New Algebra Course To Aid Common Core Transition
Educators in Arkansas are developing a Bridge to Algebra II course to help high school students caught in the transition to the Common Core curriculum, but they may need legislative help to make it work.
Arkansas, along with 44 other states, has been involved in a multi-year process of adopting the Common Core curriculum in English language arts and math. The curriculum already has been introduced into the lower grades and will be introduced into high school next year.
As a rule, the curriculum covers less subjects than the current one, but it covers them at a deeper level. Some concepts covered in the Common Core’s Algebra I class were not part of Arkansas’ current Algebra I.
That presents a problem for students caught in the transition next year who would be expected to do Common Core Algebra II work after taking the current Algebra I class.
According to Tracy Tucker, Arkansas Department of Education director of curriculum and instruction, the yearlong Bridge to Algebra II course covers those subjects. Those include a reinforcement of linear concepts, which are graphs of lines on an X-Y axis.
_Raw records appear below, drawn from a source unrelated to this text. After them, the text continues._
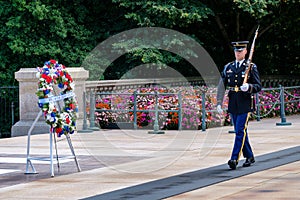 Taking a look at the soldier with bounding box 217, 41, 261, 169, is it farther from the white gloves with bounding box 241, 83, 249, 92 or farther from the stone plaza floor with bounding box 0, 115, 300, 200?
the stone plaza floor with bounding box 0, 115, 300, 200

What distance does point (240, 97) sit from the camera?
14211 millimetres

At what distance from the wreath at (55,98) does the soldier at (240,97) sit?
8.80 ft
They also include quadratic concepts, which involve parabolas on graphs; and exponential concepts, which chart when change occurs exponentially. A real world example would be the point at which the population of a certain animal begins increasing rapidly.
By law, students must graduate with four high school-level math credits as part of the Smart Core curriculum, which is required for the Arkansas Academic Challenge Scholarship. Those classes are Algebra I, geometry, Algebra II, and a fourth class more advanced than Algebra II such as calculus or trigonometry. Geometry follows Algebra I in many districts.
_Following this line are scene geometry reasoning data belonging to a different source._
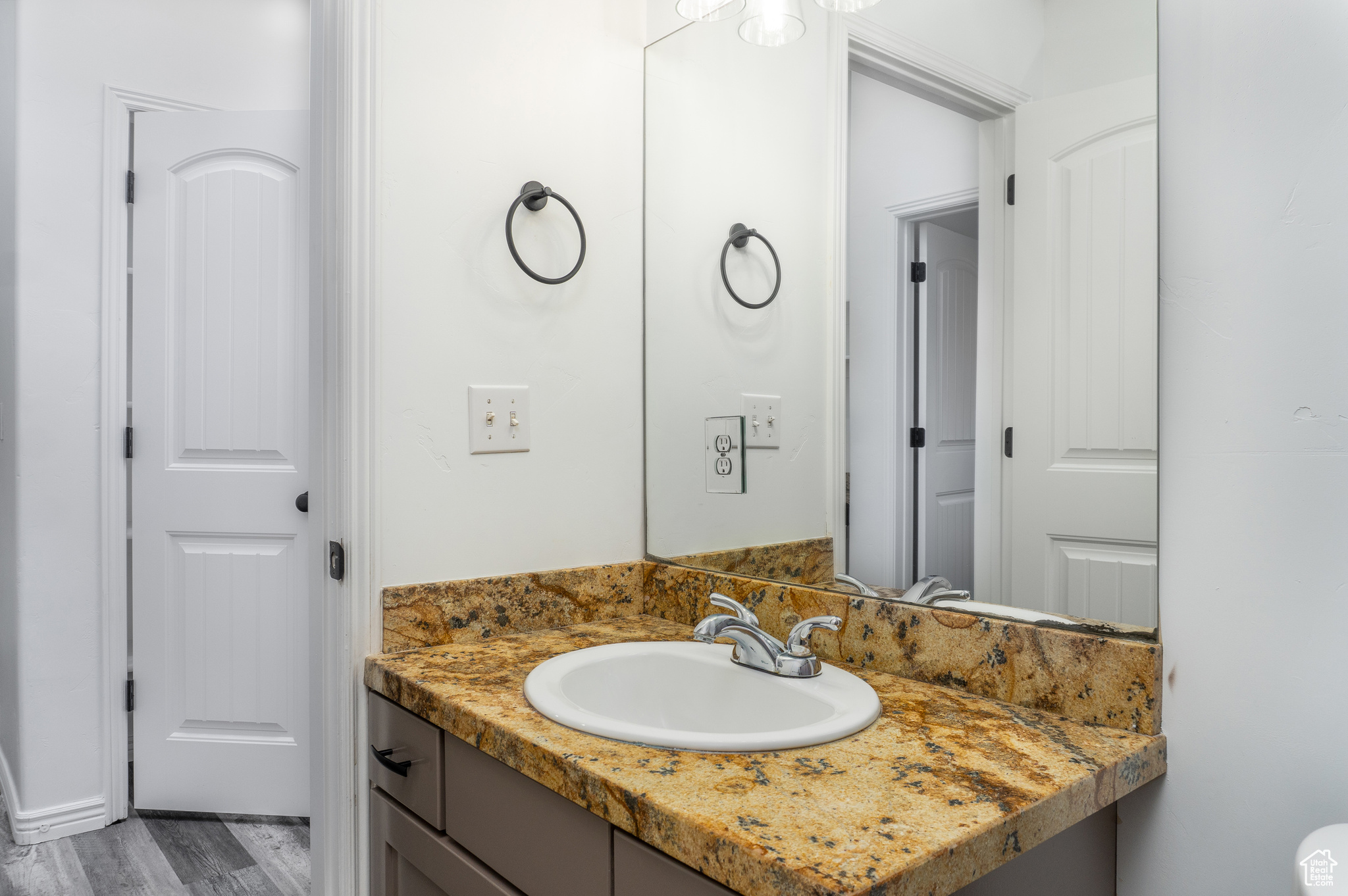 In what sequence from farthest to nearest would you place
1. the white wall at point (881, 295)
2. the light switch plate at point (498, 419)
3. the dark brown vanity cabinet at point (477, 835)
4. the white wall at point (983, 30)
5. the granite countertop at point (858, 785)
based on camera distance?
the light switch plate at point (498, 419) < the white wall at point (881, 295) < the white wall at point (983, 30) < the dark brown vanity cabinet at point (477, 835) < the granite countertop at point (858, 785)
Tucker said that, unless that law is changed, students taking the Bridge to Algebra II course may have to take five math courses in four years to graduate with a Smart Core designation.
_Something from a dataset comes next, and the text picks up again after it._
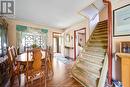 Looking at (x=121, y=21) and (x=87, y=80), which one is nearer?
(x=121, y=21)

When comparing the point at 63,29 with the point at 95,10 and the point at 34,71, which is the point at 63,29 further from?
the point at 34,71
To prevent that from happening, many districts this year have moved Algebra II to the year following Algebra I. Those students will complete all of their algebra requirements under the current Arkansas curriculum.
The Bridge to Algebra II course was developed by math educators across the state and is expected to exist only two or three years during this transitional period.
However, Tucker said the course could be modified later to help students struggling to understand Algebra II concepts.